/---

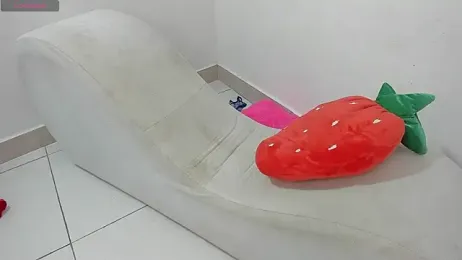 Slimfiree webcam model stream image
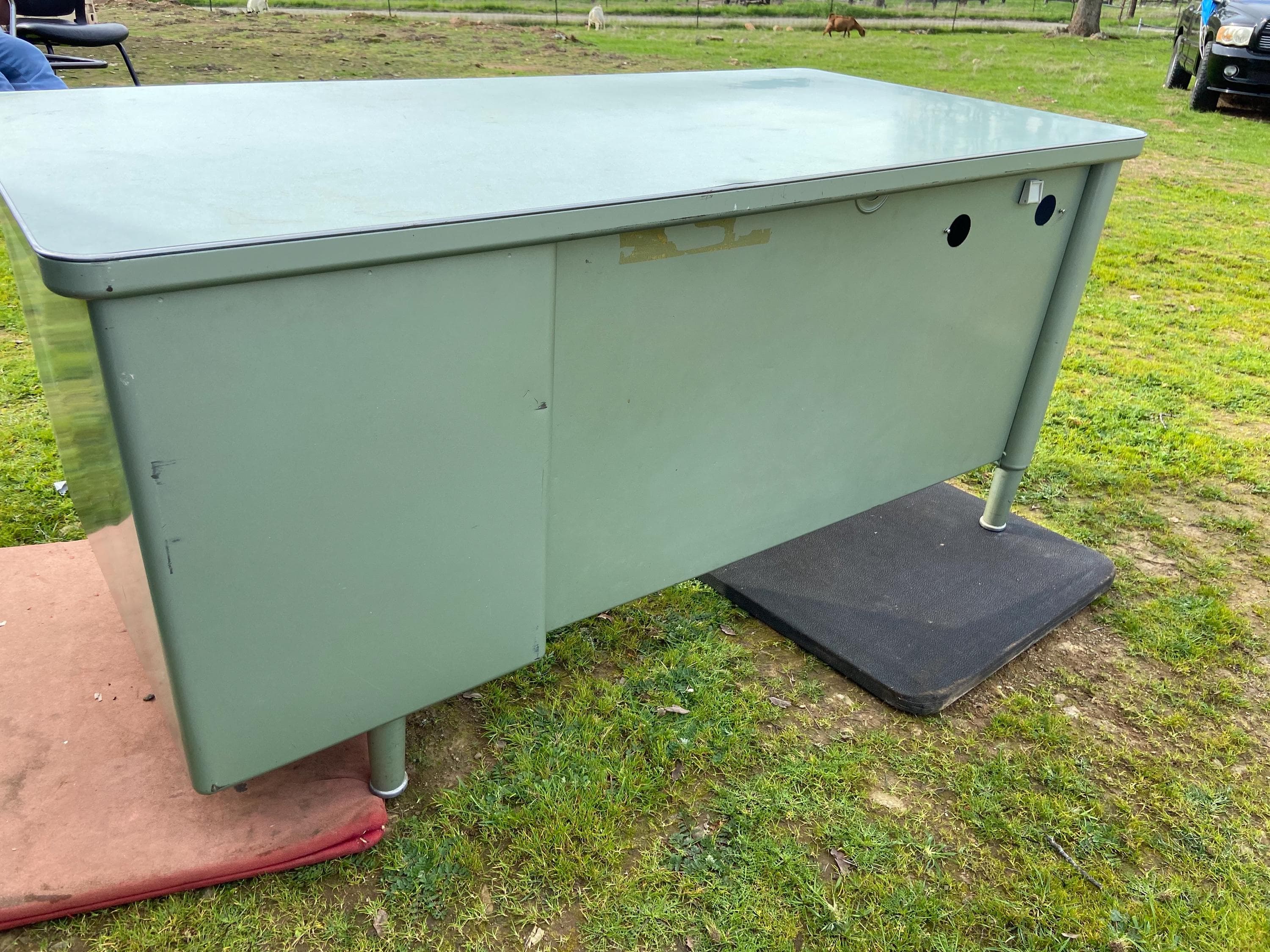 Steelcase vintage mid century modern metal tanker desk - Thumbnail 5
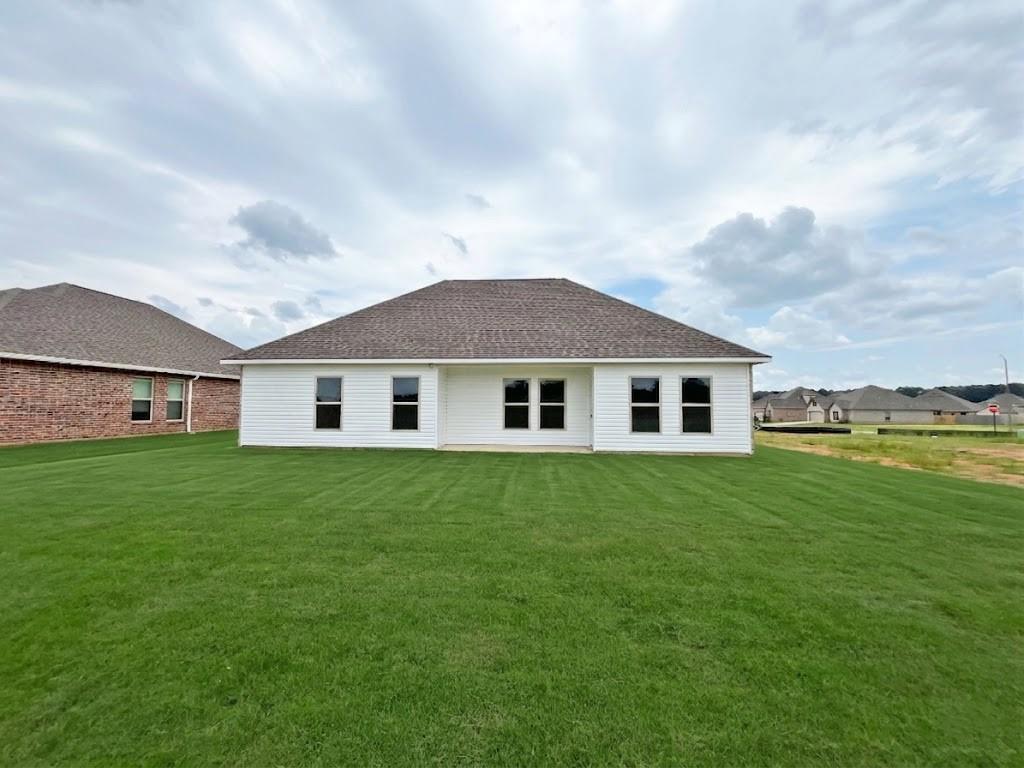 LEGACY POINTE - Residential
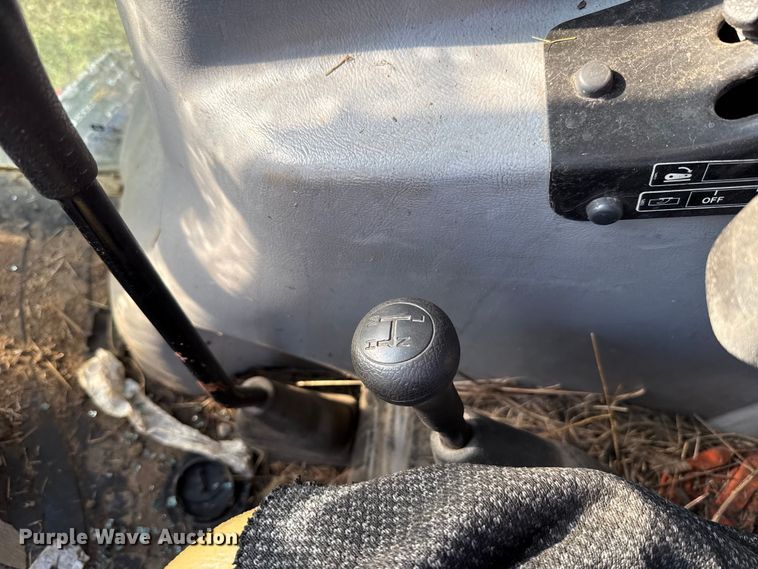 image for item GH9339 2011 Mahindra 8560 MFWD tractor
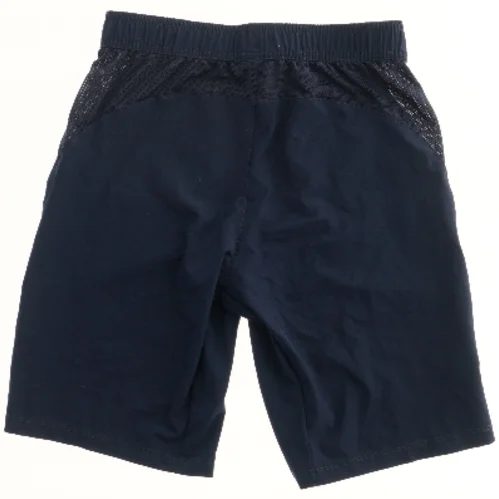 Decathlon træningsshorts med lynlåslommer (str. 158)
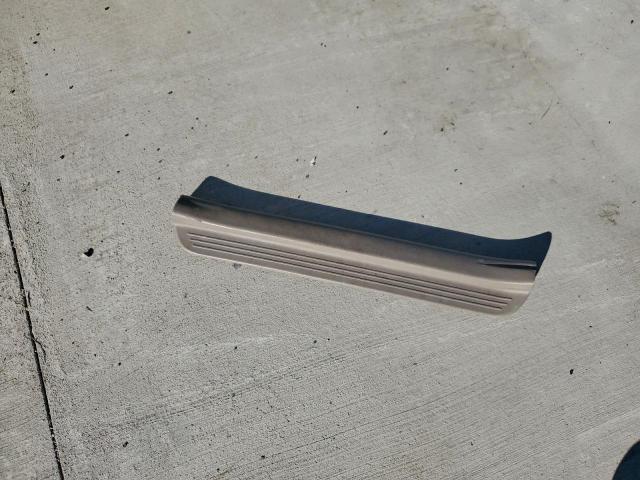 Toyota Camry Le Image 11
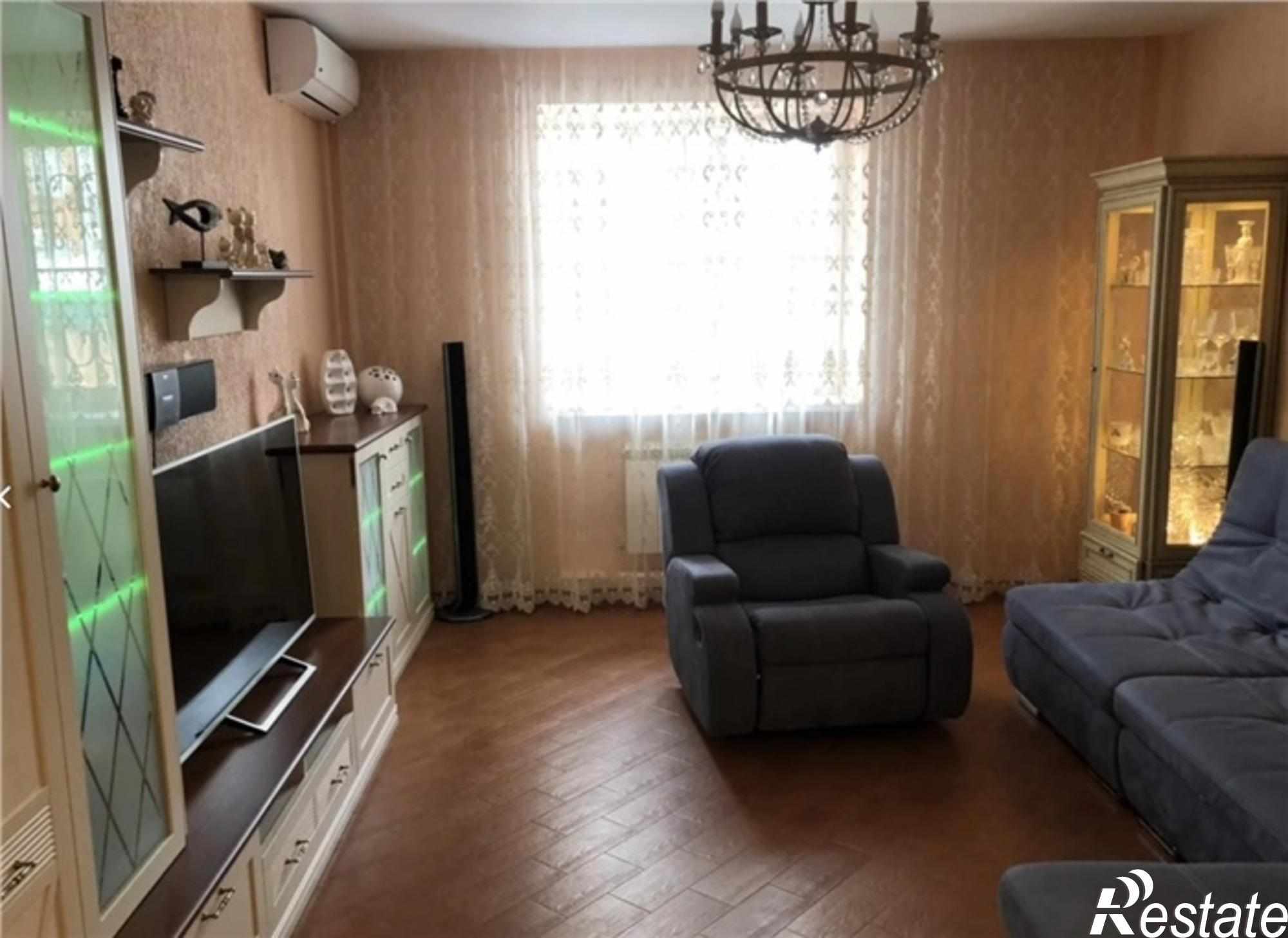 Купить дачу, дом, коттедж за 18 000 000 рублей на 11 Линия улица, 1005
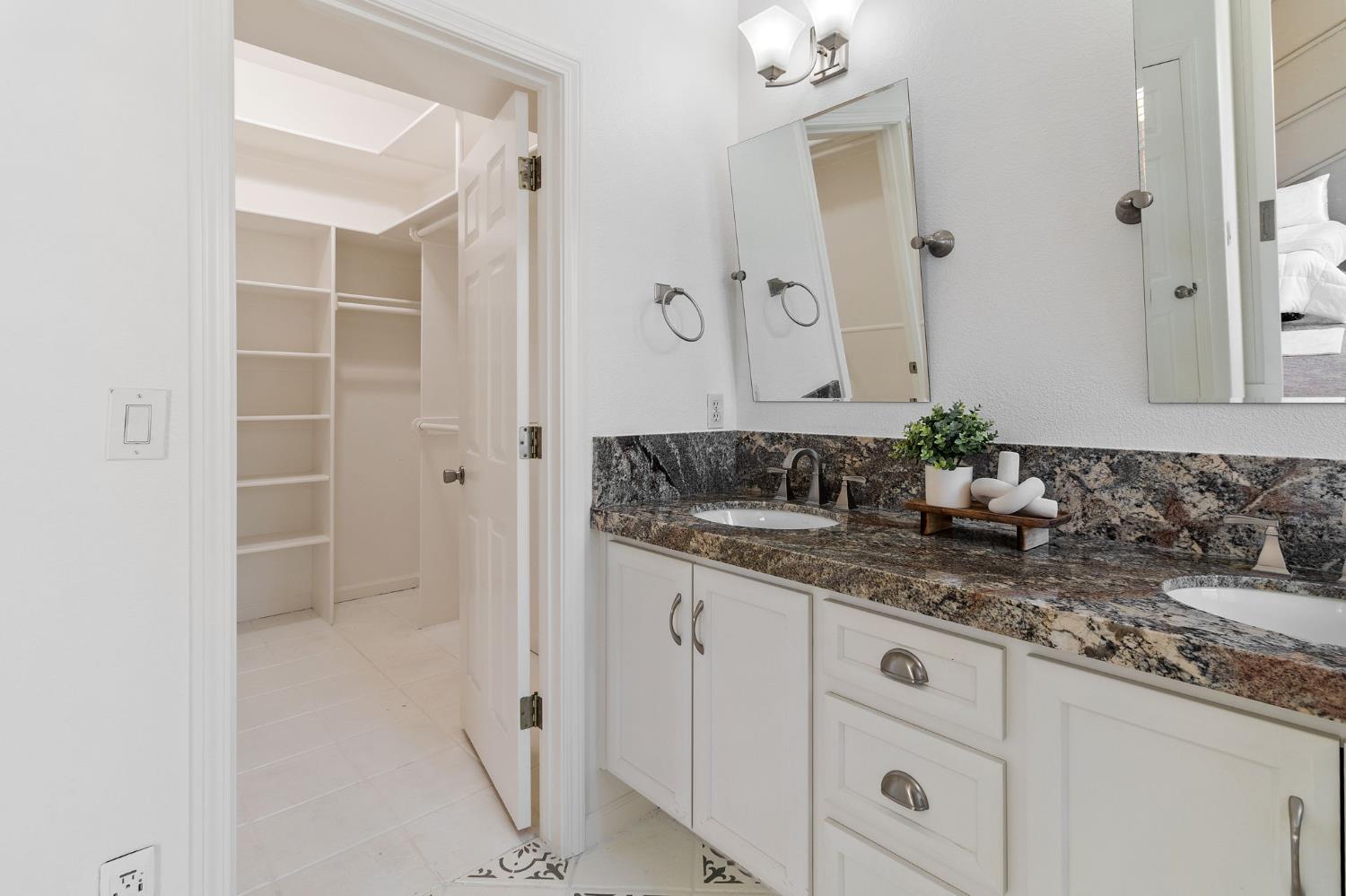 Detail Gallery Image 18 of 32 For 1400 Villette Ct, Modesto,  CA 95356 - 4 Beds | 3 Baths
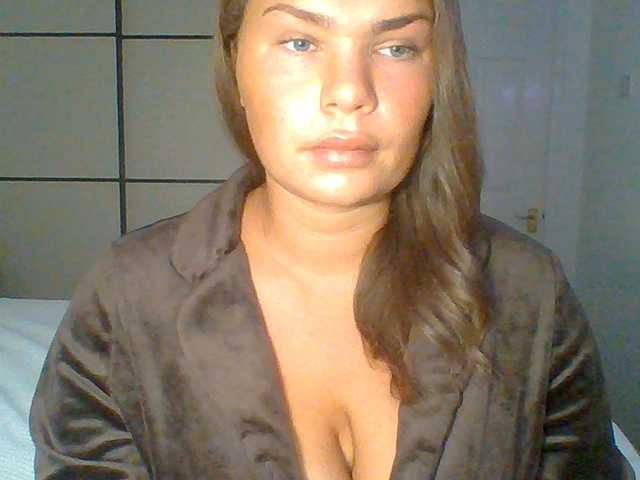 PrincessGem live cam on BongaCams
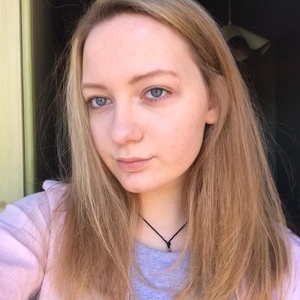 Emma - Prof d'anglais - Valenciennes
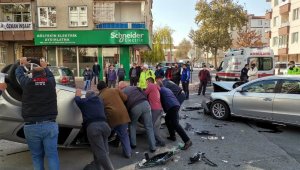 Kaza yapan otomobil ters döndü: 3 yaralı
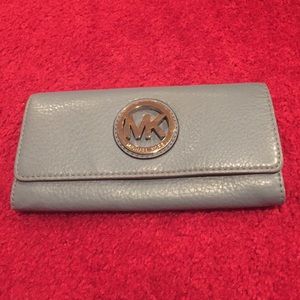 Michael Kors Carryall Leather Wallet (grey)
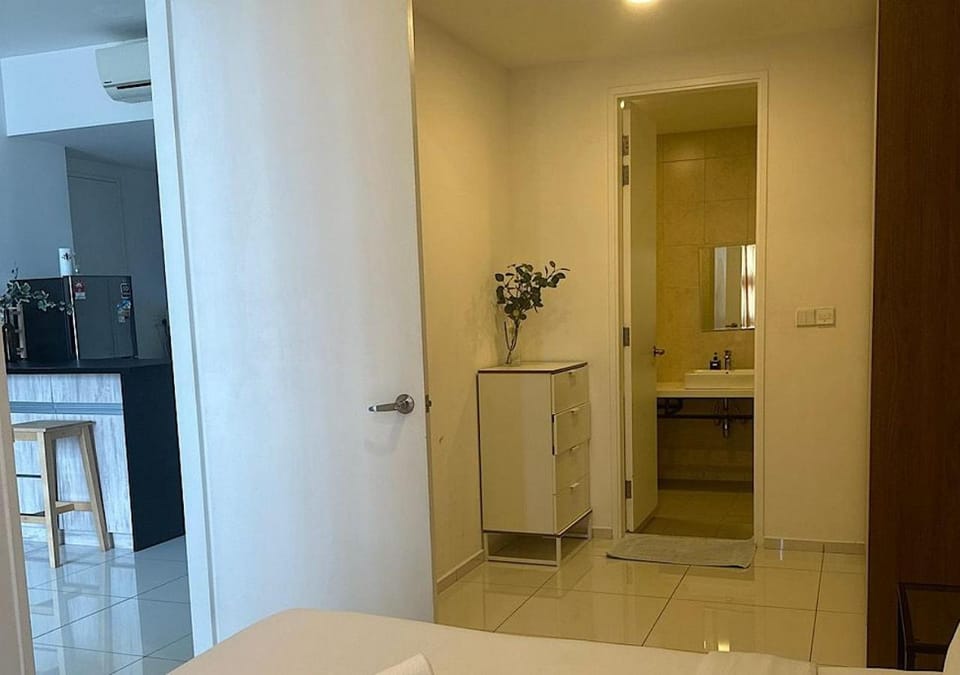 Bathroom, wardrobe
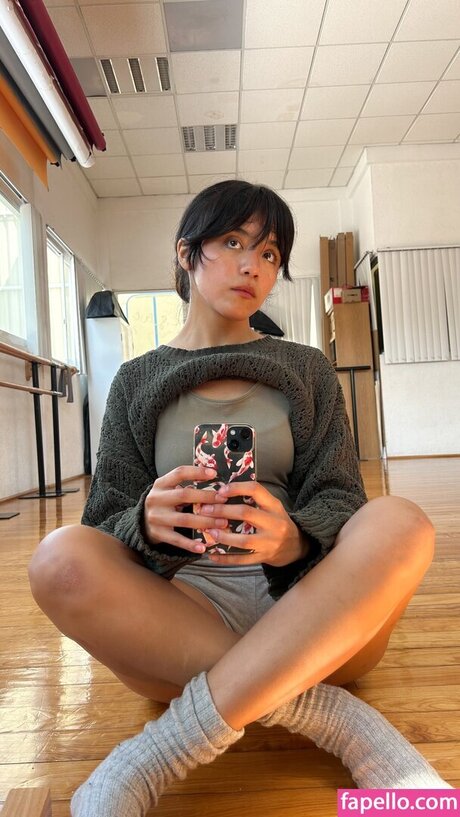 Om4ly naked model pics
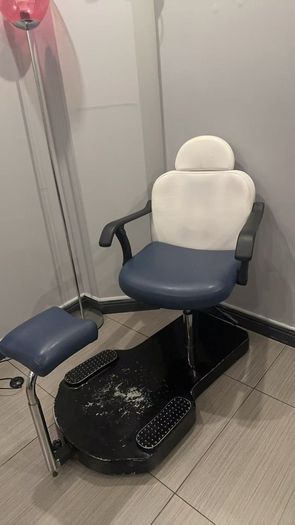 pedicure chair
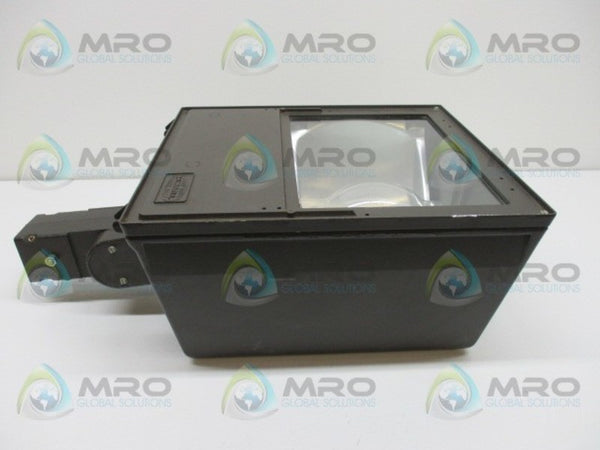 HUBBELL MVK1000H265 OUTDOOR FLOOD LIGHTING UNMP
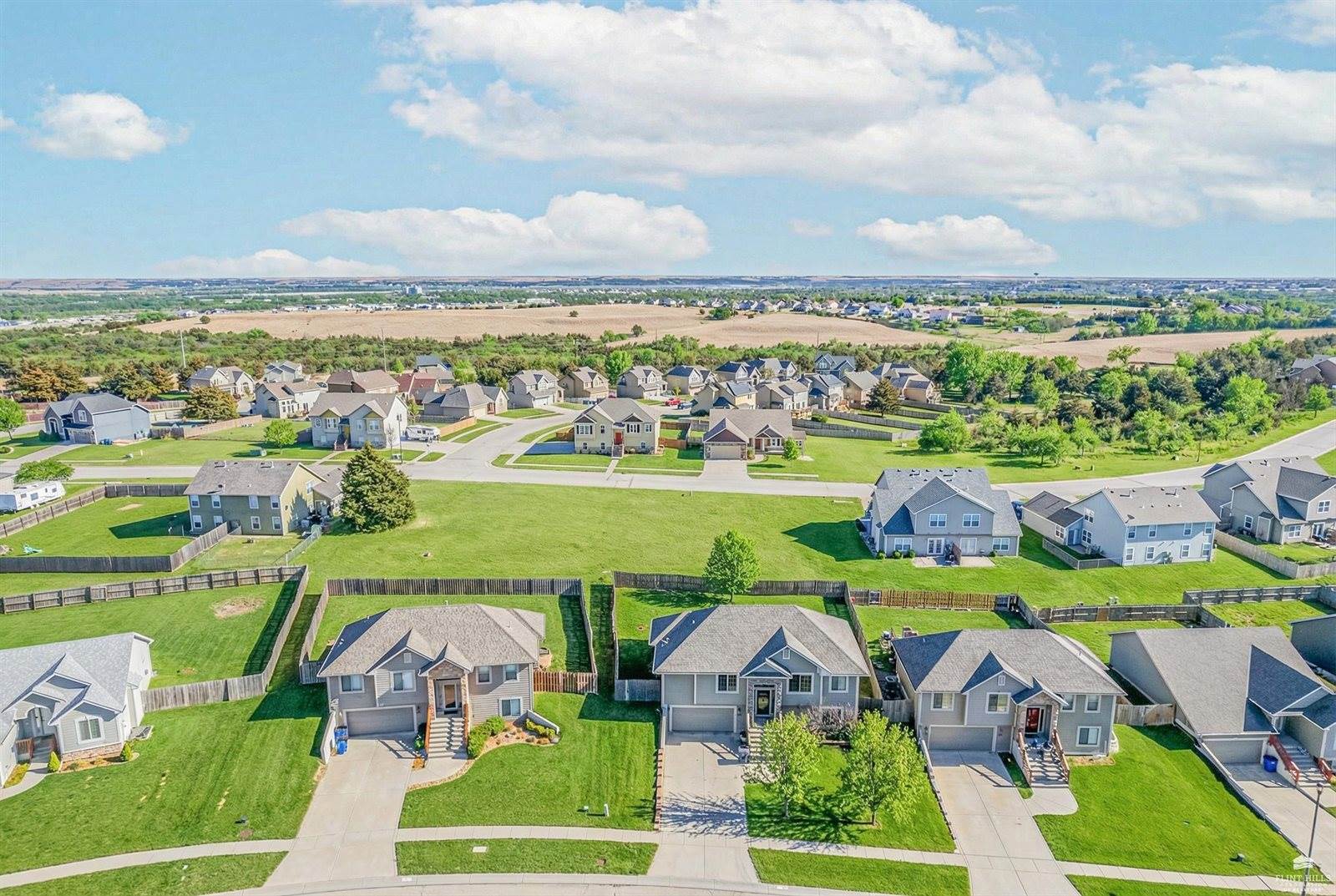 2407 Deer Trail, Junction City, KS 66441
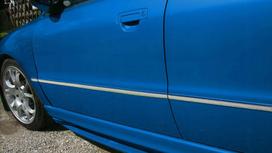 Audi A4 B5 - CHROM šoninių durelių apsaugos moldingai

\---

Work order: Your task is to repeat the data above exactly while excluding the pictures.

Expected answer:
 Slimfiree webcam model stream image
 Steelcase vintage mid century modern metal tanker desk - Thumbnail 5
 LEGACY POINTE - Residential
 image for item GH9339 2011 Mahindra 8560 MFWD tractor
 Decathlon træningsshorts med lynlåslommer (str. 158)
 Toyota Camry Le Image 11
 Купить дачу, дом, коттедж за 18 000 000 рублей на 11 Линия улица, 1005
 Detail Gallery Image 18 of 32 For 1400 Villette Ct, Modesto,  CA 95356 - 4 Beds | 3 Baths
 PrincessGem live cam on BongaCams
 Emma - Prof d'anglais - Valenciennes
 Kaza yapan otomobil ters döndü: 3 yaralı
 Michael Kors Carryall Leather Wallet (grey)
 Bathroom, wardrobe
 Om4ly naked model pics
 pedicure chair
 HUBBELL MVK1000H265 OUTDOOR FLOOD LIGHTING UNMP
 2407 Deer Trail, Junction City, KS 66441
 Audi A4 B5 - CHROM šoninių durelių apsaugos moldingai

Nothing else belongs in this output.